Error: unknown mnemonic 'movqu' -- 'movqu'

Cause

movqu is an instruction in the x86 instruction set and cannot be used on the Kunpeng platform. This instruction implements data copy between registers and from registers to addresses.

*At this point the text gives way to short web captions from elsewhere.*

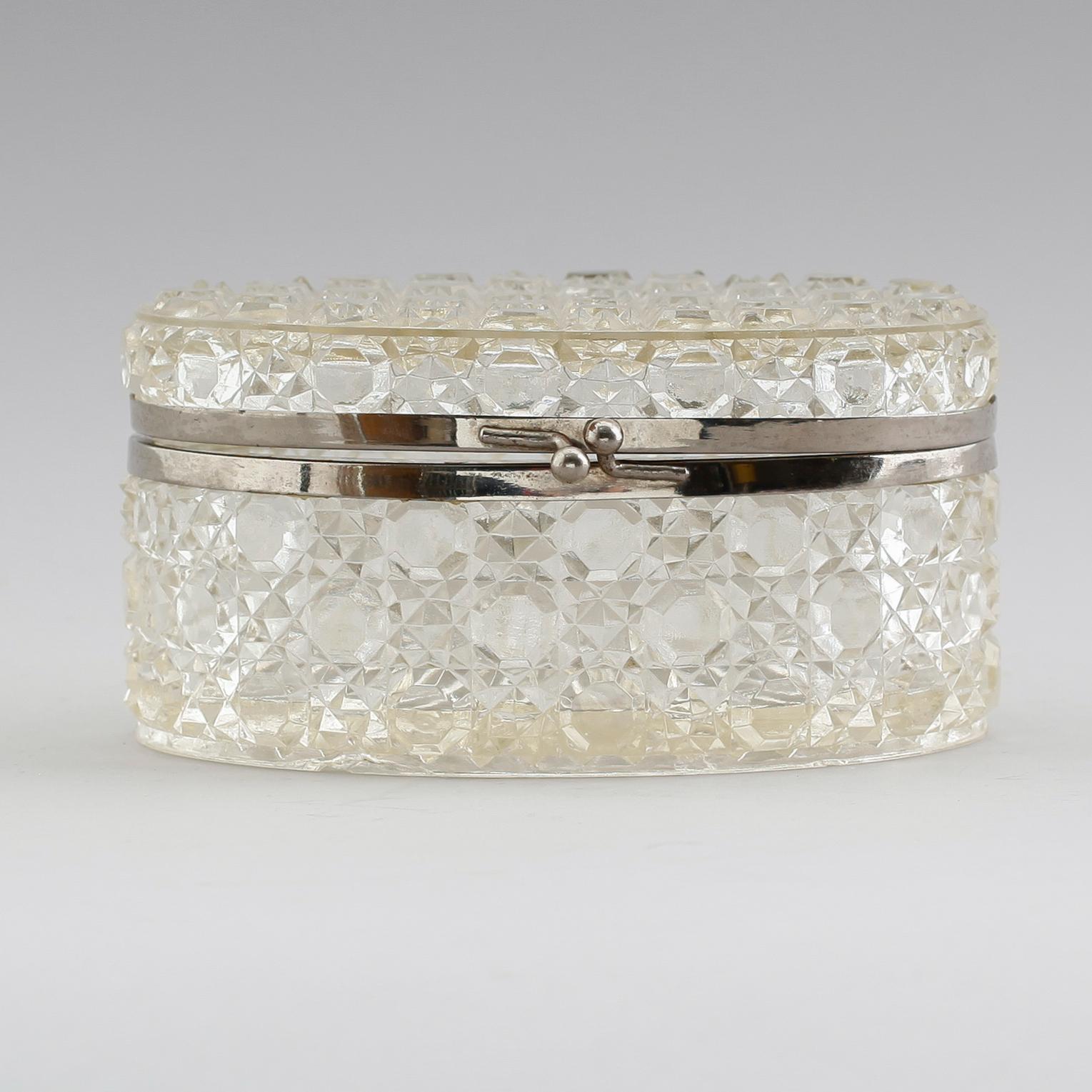 SKRIN, pressglas och nysilver, 1900-talets första hälft.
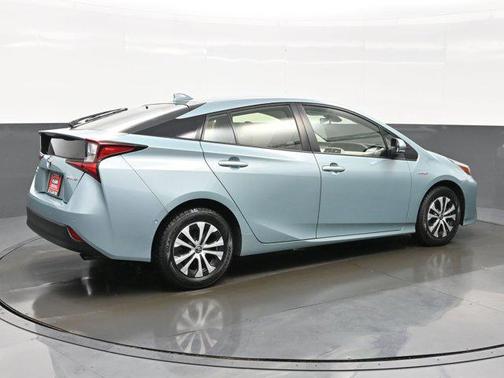 2021 Toyota Prius LE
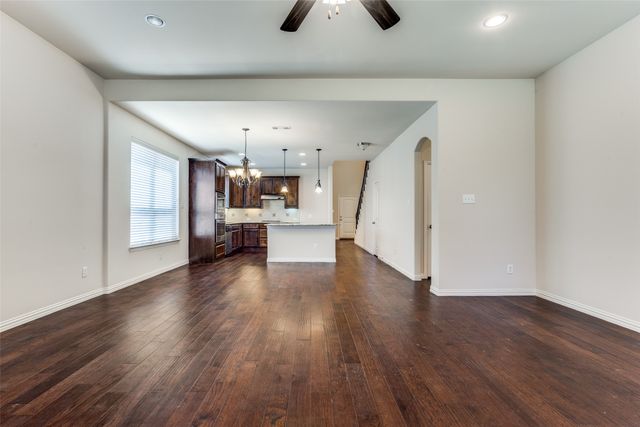 5824 Silverton Avenue, Mckinney, TX 75070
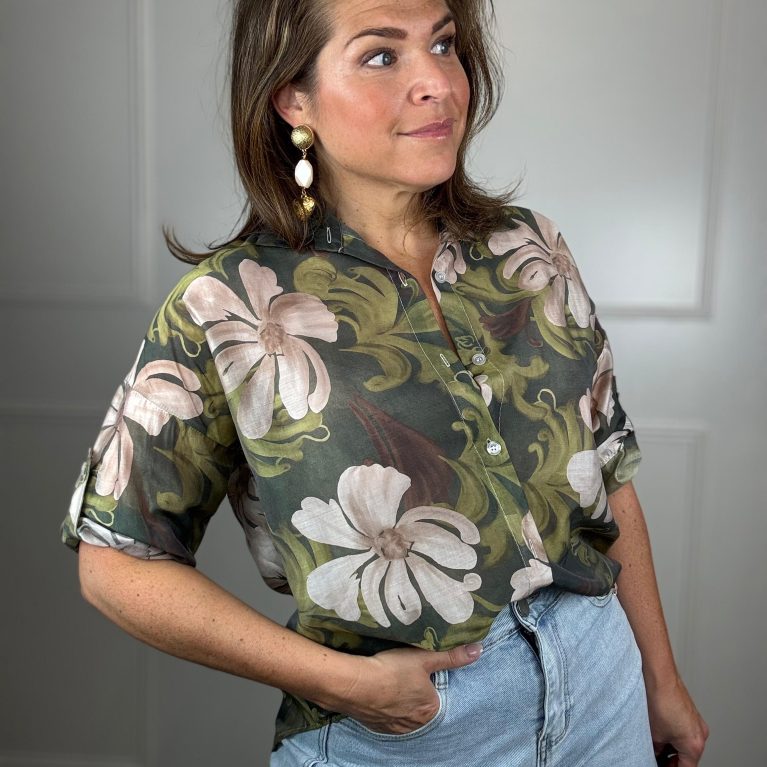 Blouse flowy flower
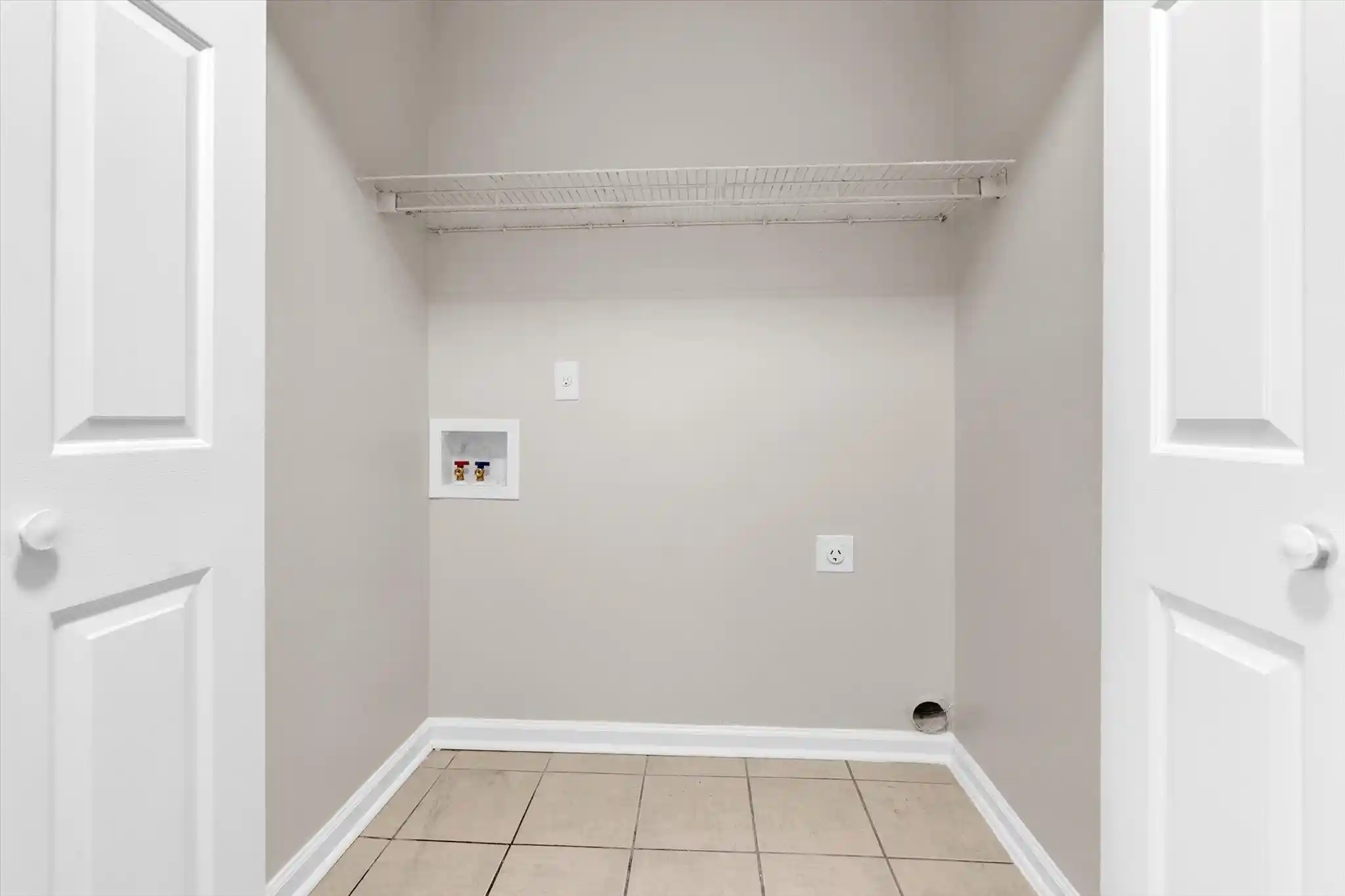 Photo 3 of Sale Pending at 7279 Schilling Cv, Memphis, TN 38125 | MLS# 10217561 | Listing updated on 2026-08-04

On x86 servers, movqu is used to:

  • Copy the content of the xmm2 register or 128-bit memory address to the xmm1 register.
    MOVDQU xmm1, xmm2/m128 
  • Copy the content of the xmm1 register [G(IC2] to a 128-bit memory address or xmm2 register.
    MOVDQU xmm2/m128, xmm1 

For more details, see:

https://c9x.me/x86/html/file_module_x86_id_184.html

Procedure

Example:

/*x86*/
void add_x86_asm(int* result, int* a, int* b, int len)
{
    __asm__("\n\t"
    "1:                                     \n\t"
    "movdqu (%[a]), %%xmm0                  \n\t"
    "movdqu (%[b]), %%xmm1                  \n\t"
    "pand %%xmm0, %%xmm1                    \n\t"
    "movdqu %%xmm1, (%[result])             \n\t"
 
    :[result]"+r"(result)                     //output
    :[a]"r"(a),[b]"r"(b),[len]"r"(len)        //input
    :"memory","xmm0","xmm1"
    );
    return;
}
 
 
/*Kunpeng*/
void and_neon_asm(int* result, int* a, int* b, int len)
{
    int num = {0};
    __asm__("\n\t"
    "1:                               \n\t"
    "ld1 {v0.16b}, [%[a]], #16        \n\t"
    "ld1 {v1.16b}, [%[b]], #16        \n\t"
    "and v0.16b, v0.16b, v1.16b       \n\t"
    "subs %[len],%[len],#4            \n\t"
    "st1 {v0.16b}, [%[result]], #16   \n\t"
    "bgt 1b                           \n\t"
    :[result]"+r"(result)                     //output
    :[a]"r"(a),[b]"r"(b),[len]"r"(len)        //input
    :"memory","v0","v1"
    );
    return;
}